E2a: I've never watched the Sopranos and even Breaking Bad I only started watching about a month ago.  I liked this as it was familiar.


----------



## Buckaroo (Oct 29, 2015)

Numbers said:


> Smack, coke, E's, gangsters, the RA, scumbags, all we're well and truly in place long before the Celtic Tiger.
> 
> I got goosebumps watching it.
> 
> ...



Right enough, I wasn't here then but a few weeks ago took some photos of the last B'mun tower coming down (Plunketts). The series should've ended with a shoot out in Blanchardstown shopping centre imo!


----------



## unrepentant85 (Oct 30, 2015)

Definitely one of the best shows to come out of Ireland, after Fr. Ted and Glenroe anyway.
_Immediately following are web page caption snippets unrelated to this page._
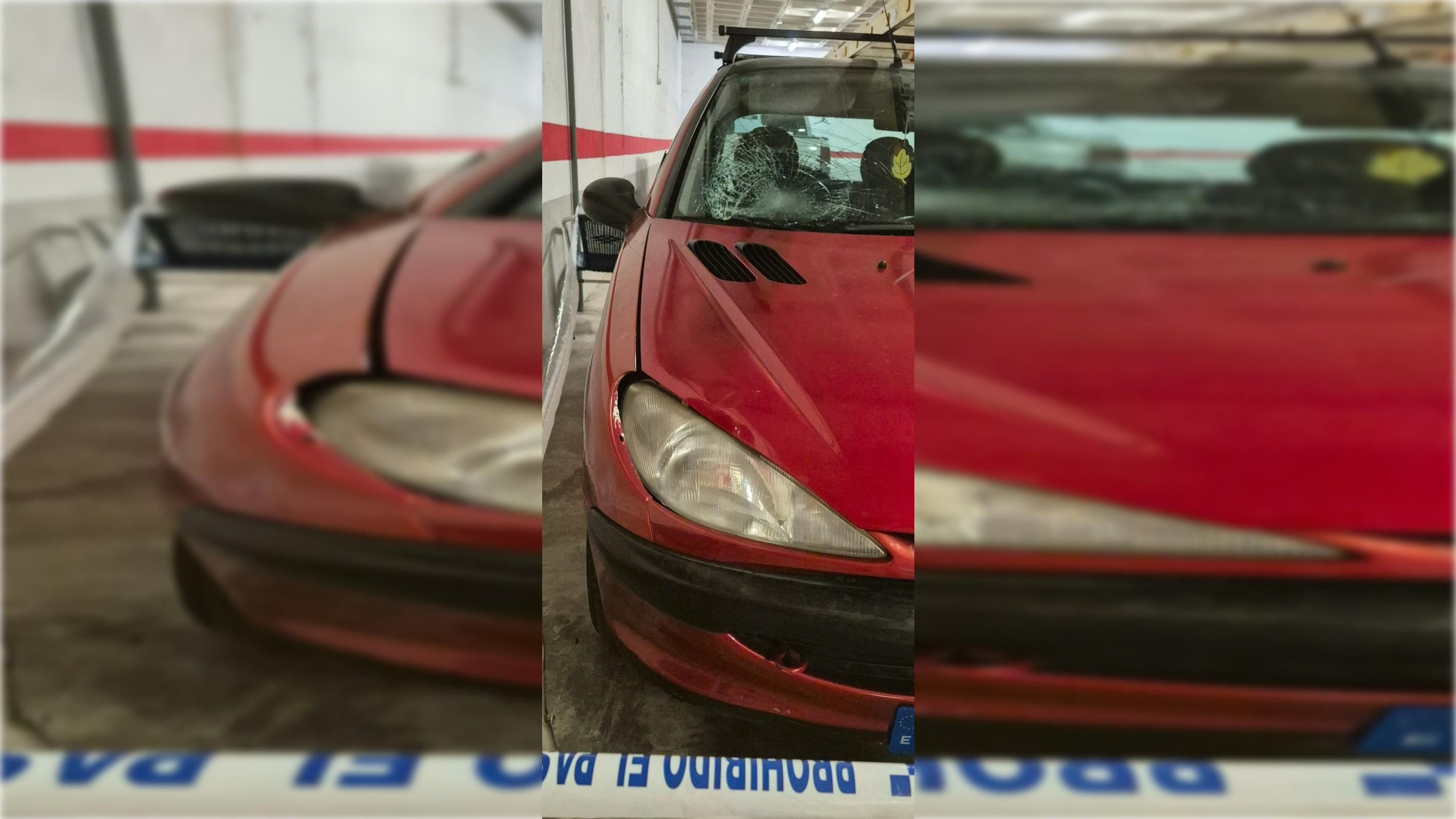 El cotxe involucrat en el sinistre, un Peugeot 206 El cotxe involucrat en el sinistre, un Peugeot 206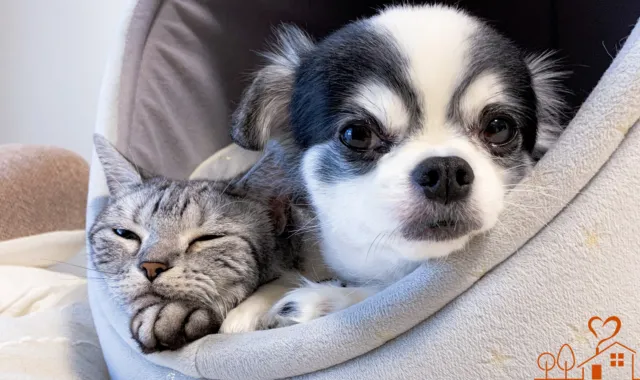 猫と犬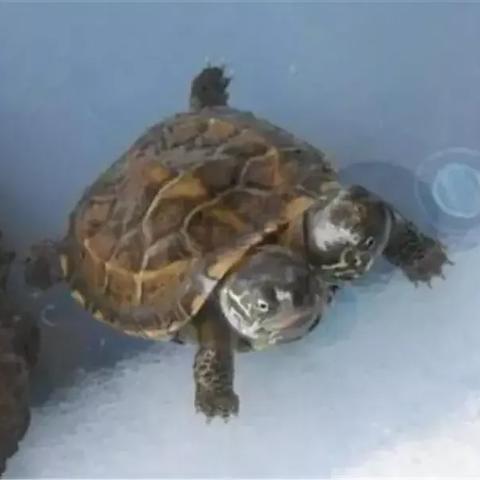 日本核污染产品名单更新，影响分析与启示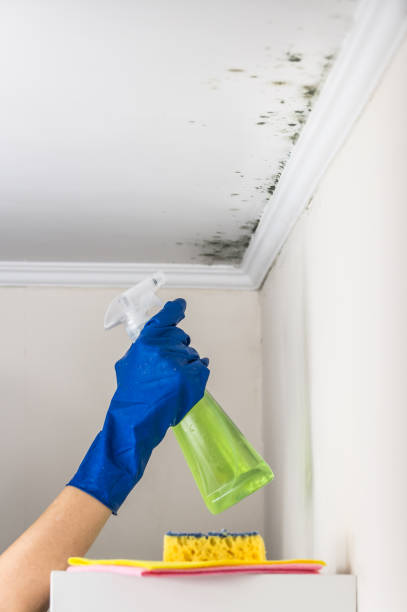 Best Emergency Mold Removal  in Clinton, PA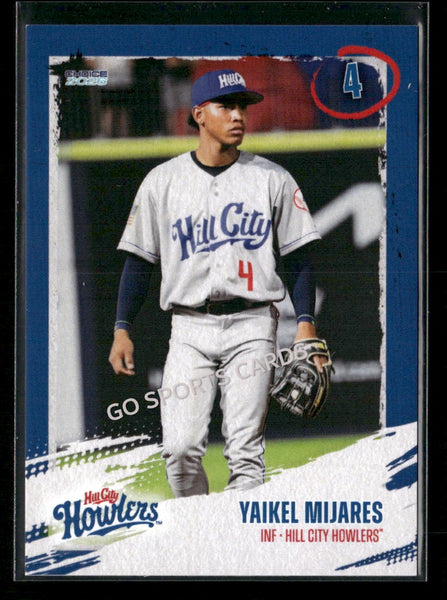 2026 Hill City Howlers Yaikel Mijares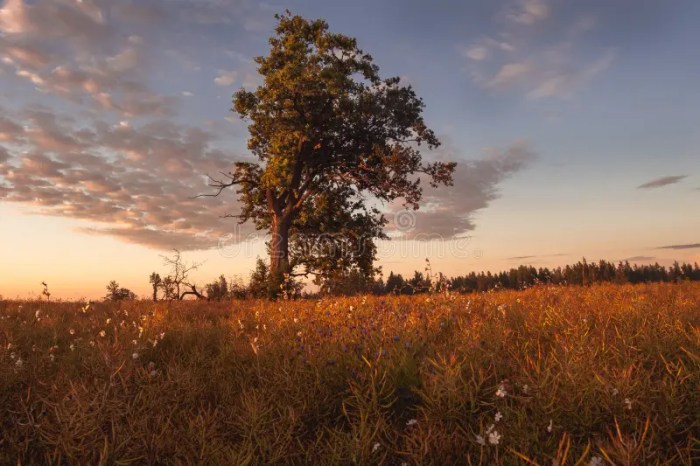A Lone Oak Tree in a Field in the Rays of the Rising Sun. Stock Image ... Oakmonts lone tree offers reprieve sun kissed us open fans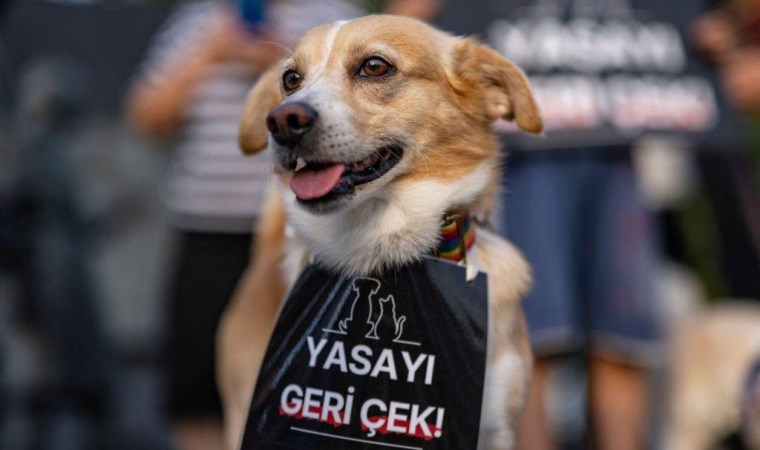 Sokak köpeklerine ötanazi teklifi görüşmeleri öncesinde Meclis’e ziyaretçi yasağı getirildi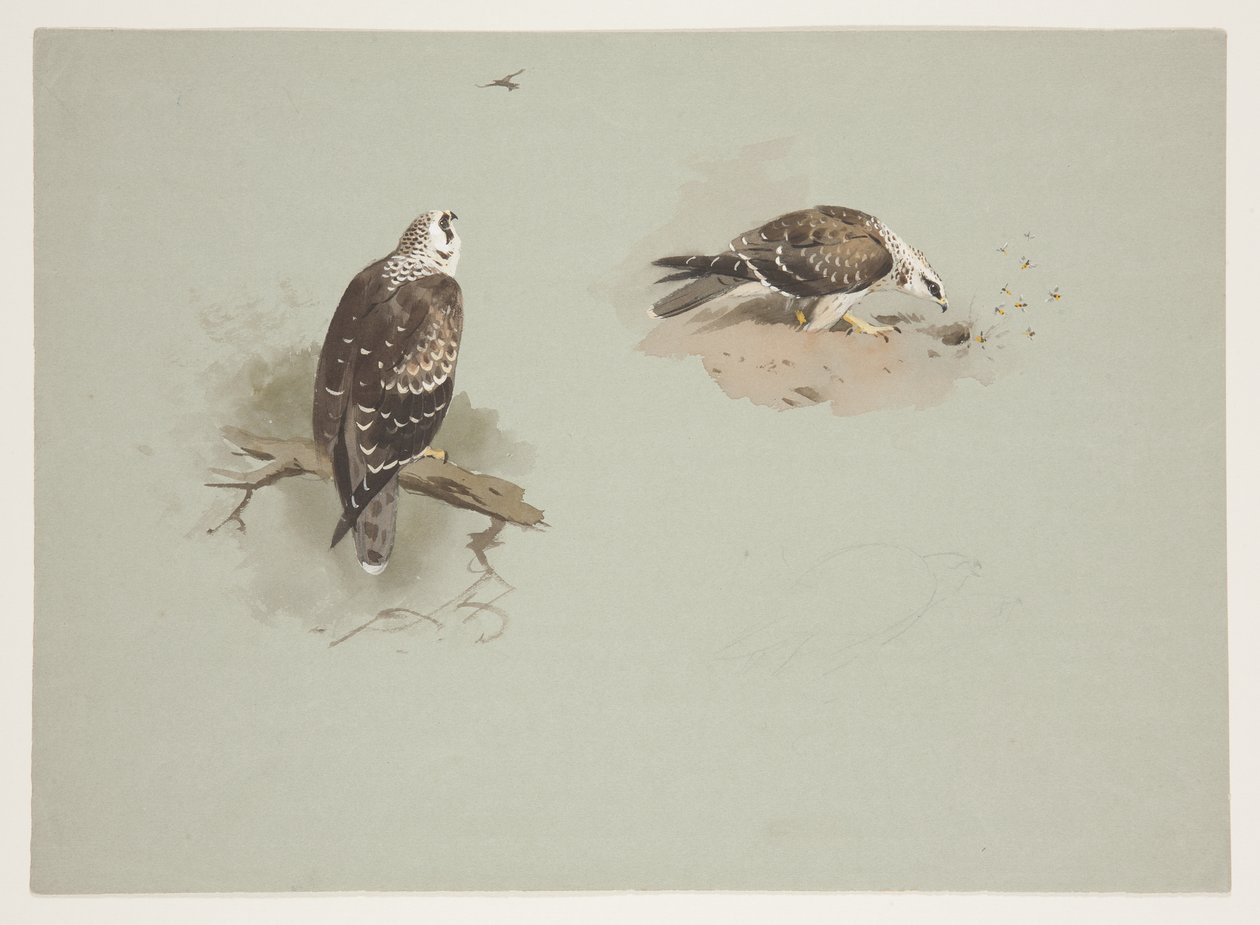 Pale honey buzzard, c.1915 by Archibald Thorburn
Although a bit far fetched at times I reckon some of the story lines are not too far from the truth. The is a big gangland problem. In the last decade plus, Dublin has had one of the highest murder rates in Europe. At one point it had the highest gun murder rate in Europe iirc. Like the show depicts, you have your general gangsters along with some dissident republicans and travellers all having a go.


----------



## flypanam (Oct 30, 2015)

Buckaroo said:


> . The series should've ended with a shoot out in Blanchardstown shopping centre imo!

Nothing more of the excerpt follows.